The plenary session ended with a panel of three distinguished intramural investigators—William Paul, Judy Rapoport, and Stephen Katz—who discussed their experiences at NIH and why they choose to do their research here.
William Paul (NIAID), who first came to NIH as a medical student in 1959, pointed out that there is a sense of noncompetitiveness in the intramural community that doesn’t exist in other research institutions. “I can count on my colleagues to want my work to succeed and to do everything they can do to help it,” said Paul. “And I feel the same way [about their work].”
Judy Rapoport (NIMH) was one of the first investigators to start child psychiatry research at NIH. One of the strengths of working at NIH, according to Rapoport, is the ability to study rare disorders such as childhood schizophrenia. “It’s been the sense of an imaginative, flexible, and very empathic administration, together with other things easing the road for clinical research, that has made it very hard to consider moving anywhere else.”

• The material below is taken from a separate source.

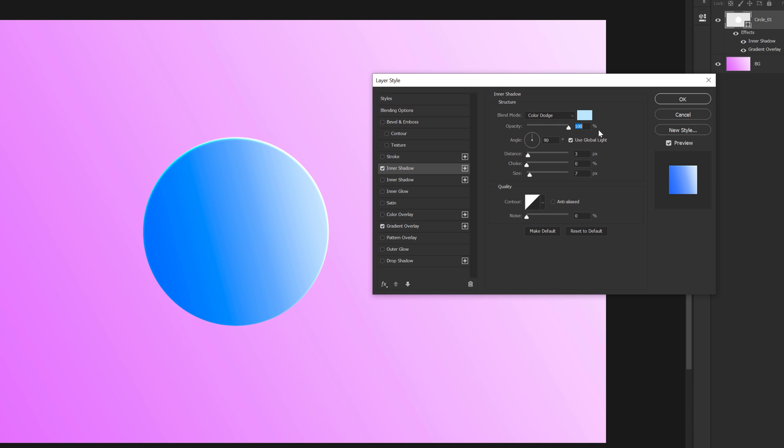Let's increase the opacity and also increase the size really high. So something like this, maybe 100. So that is looking pretty cool, I think. OK, so that is looking good.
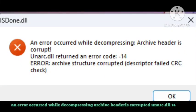Hello viewers, welcome back to Zero to Infinity channel. If you are getting this error, 'An error occurred while decompressing' or 'Archive header is corrupted' and 'Archive structure corrupted', I'll show you how you can fix the problem.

Stephen Katz (NIAMS), who came to NIH in 1974 as a principal investigator in dermatology, said that part of what makes NIH such a great place to work is the ability to join clinical practice with basic science. “We have time here,” said Katz. “We have time for patients, we have time for research, and we have time for collaborations.”
What follows is a snapshot of Festival sympsia.
SELECTED SYMPOSIA
Using Chemistry to Unravel Biology
Chemists make the world go round … in the way that their work helps scientists understand biology in action.
To understand the biology of addiction, Amy Newman (NIDA) uses chemistry to develop fluorescent tropane-based tools to visualize monoamine transporters in action in the central nervous system. Cocaine, a highly addictive drug that binds to all three monoamine transporters, is a tropane-based molecule and provides the template for these tools. Newman confessed that 20 years ago, when she was doing her postdoctoral training in NIDDK, she published research on another fluorescent compound she had developed, but her paper was never cited.
“I’d like to think we were ahead of our time,” she told the chemistry fans who had gathered to hear her talk. But today, her papers are cited aplenty. Her work demonstrates that the combination of state-of-the-art synthetic organic chemistry techniques with molecular modeling and interpretation of pharmacological data has resulted in the discovery of important molecular probes for studying neurochemical targets. She hopes this multidisciplinary approach will provide new leads toward the development of pharmacotherapeutic agents that can be used to treat addiction.
To understand the biology of antibiotics, Carole Bewley (NIDDK) uses chemistry to trap anti-infective targets of marine natural products. She told a story of how in 2007, she was snorkeling with her family in the Virgin Islands when she found a fluffy yellow organism. She gathered some samples, took them back to her NIH lab, and extracted what she thought was a cyanobacterium. But the isolate turned out to be a rare alga that produced chrysophaentin A, a natural compound that killed every gram-positive drug-resistant organism—such as methicillin-resistant Staphylococcus aureus—it came into contact with. With the help of the postdocs and a graduate student in her lab, Bewley determined that the compound inhibits the bacterial cytoskeletal protein FtsZ, an enzyme necessary for the replication of bacteria. Bewley’s discovery has been patented by NIH; NIDDK is looking for collaborators to further develop, evaluate, or commercialize the chrysophaentin antibiotics.
Many other NIH chemists are developing and using molecular tools to help their colleagues—chemists and nonchemists alike—gain a better understanding of biology.
From the 2012 Research Festival’s session “Molecular Tools; Using Chemistry To See, Wrestle, Unravel, and Trap Biology,” chaired by Amy Newman (NIDA) and Dan Appella (NIDDK); held on October 10, 2012.
Quantitative Biology at the Single-Cell Level
Whether individual cells make up the developing brain, the salivary gland, or a cancer mass, each has a unique story of growth, migration, and signaling. NIH researchers use a variety of live-cell imaging techniques to study real-time changes in individual cells.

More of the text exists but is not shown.